Top help, we’ve have divided this post into a few easy to digest chunks:
- What to do if you have gum disease
- What to avoid to maintain healthy gums
- The waring signs of gum problems
How to Take Care of Teeth and Gums at Home
It is absolutely crucial to clean your teeth and gums effectively (using the proper techniques) and to maintain this habit, never missing the occasional brush or skimping on dental hygiene because you’re late for work.
You should brush your teeth twice a day with a good quality toothbrush, we recommend an electric toothbrush which delivers a level of cleaning that is difficult to replicate manually. An electric toothbrush both cleans more thoroughly and allows you to comfortably reach the backs of teeth which are often neglected with manual toothbrushes due to the size of the brush.
Brushing should be with a level of firmness that does not damage gums, brushing too hard with the wrong technique may lead to receding gums. Using an electric toothbrush with a pressure sensor can help you to avoid brushing too hard.
Many people mistakenly think that a brush with hard bristles must be better at cleaning, giving a more thorough clean than medium or soft bristles. In reality, “scrubbing” with a hard bristle brush could run the risk of traumatising the gums, eventually leading to recession. The aim is to brush and clean, not to scrub and scrape.
At least once a day you should include flossing or the use of interdental brushes to clean between teeth and remove plaque that any toothbrush is going to struggle to reach.
There is a common misconception that flossing is only to remove food and if no food is dislodged with flossing that you don’t need to floss. In reality, flossing is most needed to remove plaque, not food!
Then there is mouthwash, mouthwash is not a substitute for brushing or flossing as it cannot get rid of the build-up of plaque. To use an analogy, using mouthwash instead of brushing or flossing is like throwing soapy water at your car and expecting it to be clean, it still needs to be washed by hand.
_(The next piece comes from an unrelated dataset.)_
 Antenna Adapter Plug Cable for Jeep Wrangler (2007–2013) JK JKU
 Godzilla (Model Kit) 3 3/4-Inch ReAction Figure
Mouthwash can give the feeling of having cleaner teeth and freshen your breath temporarily, but it will not be doing much to actually facilitate the removal of plaque.
This might all feel like obvious advice and yet it is the key to healthy gums – problems often start from a seemingly small failure to maintain good dental hygiene.
Visit Your Dentist & Hygienist!
Although you can be on the lookout for signs and symptoms of gum problems, only an expert can diagnose with certainty what is common, early gum disease (gingivitis) and what is full onset gum disease (periodontitis) and advise the best course of treatment.
Regular check-ups ensure that any issues are caught early and, if there are no issues, you have that warm glow of a job well done.
It takes so little for gum problems to set in, but it is then all the more difficult to correct. A period of lax dental hygiene might create the onset of issues that a period of extra brushing won’t necessarily resolve as once plaque is hardened it cannot be removed at home.
What To Avoid If You Want Healthy Gums
A research group headed by members of the King’s College London and the Natural History museum found that only 5% of adults had gum disease in the Roman era. This goes to show that although a good oral hygiene routine is crucial, this go hand in hand with other lifestyle factors that can have an impact on your oral health.
There are certain foods and drinks that have the potential to damage gums, these include foods high in sugar that can lead to inflammation. Sugar was thought to only affect cavities in teeth but new research shows it can cause inflammation in the gums.
Try to include some of the following anti-inflammatory foods in your diet to promote healthy tissue in your mouth:
- Oily fish (tuna, sardines, salmon, mackerel)
One way to mitigate the damage is to work on food pairings – some food neutralises acid, chicken and lean beef for instance, so having these with acidic food reduces the damage done. As luck has it, we have covered the topic of food and drink to avoid to prevent gum disease already.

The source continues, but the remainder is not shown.